Éternoz (/fr/) is a former commune in the Doubs department in the Bourgogne-Franche-Comté region in eastern France. It was merged with Saraz to form Éternoz-Vallée-du-Lison on 1 January 2025.

==Geography==
Eternoz is 26 kilometres from Besançon, the department capital.

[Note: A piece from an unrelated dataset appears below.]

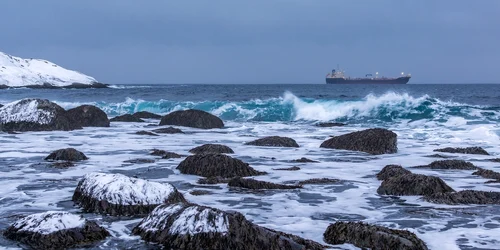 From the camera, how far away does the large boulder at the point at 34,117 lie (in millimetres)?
18766

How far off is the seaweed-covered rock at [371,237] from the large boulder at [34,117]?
1491 centimetres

It sits on the second plateau of the Jura massif at an altitude of 549 m.
The River Vau passes through the village and plunges down a 40-meter waterfall on the edge of the village before joining the river Lison.

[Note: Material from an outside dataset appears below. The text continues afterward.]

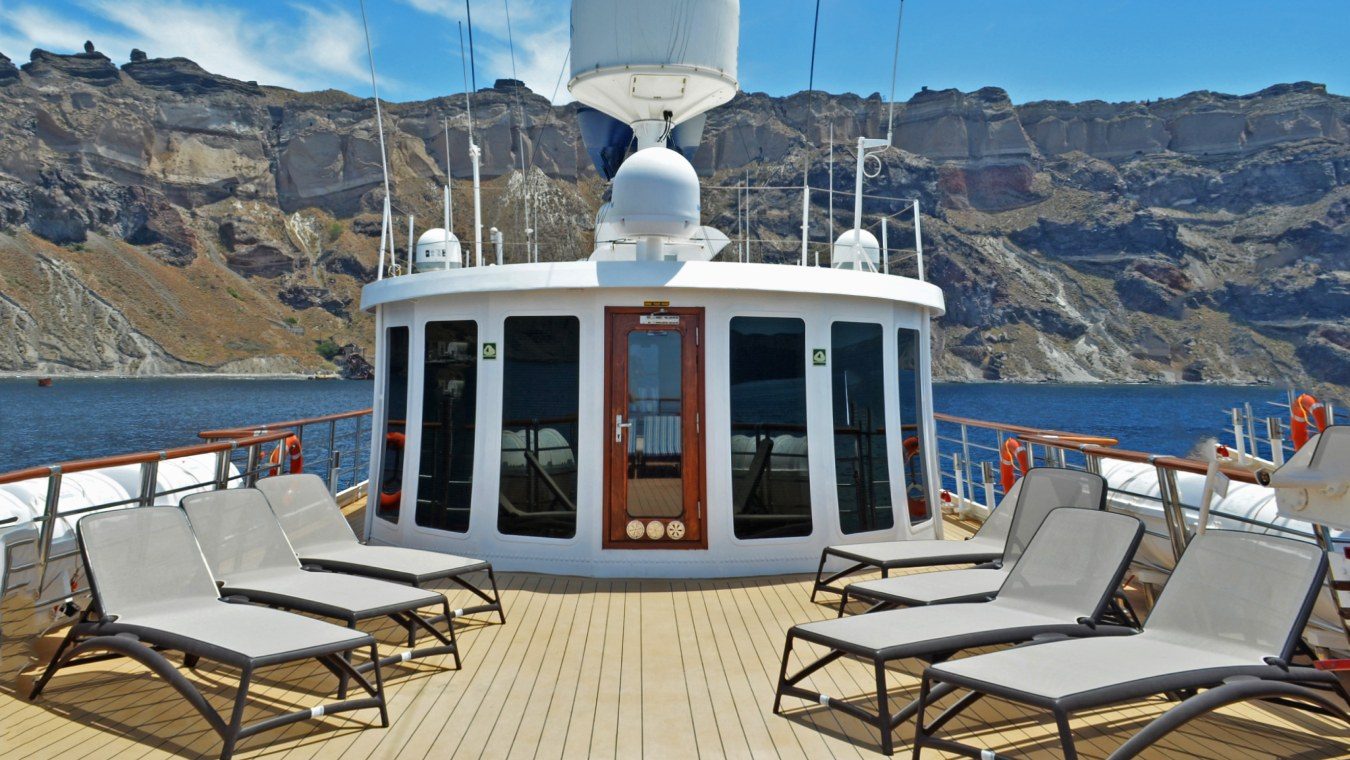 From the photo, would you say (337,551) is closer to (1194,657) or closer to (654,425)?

In 1973, the commune Éternoz absorbed the following former communes:
- Alaise (42 inhabitants in 2025)
- Coulans-sur-Lizon (22 inhabitants)
- Doulaize (20 inhabitants)
- Refranche (18 inhabitants)

==Notable buildings==
The parish church, dedicated to Saint Laurent, was built in 1804. It has a single nave and belltower, with a round dome that is unusual in the region.

The chateau of Refranche was built in the 16th century by a branch of the Eternoz family. Until recently, only part of the main building and a tower remained, but it has recently been renovated.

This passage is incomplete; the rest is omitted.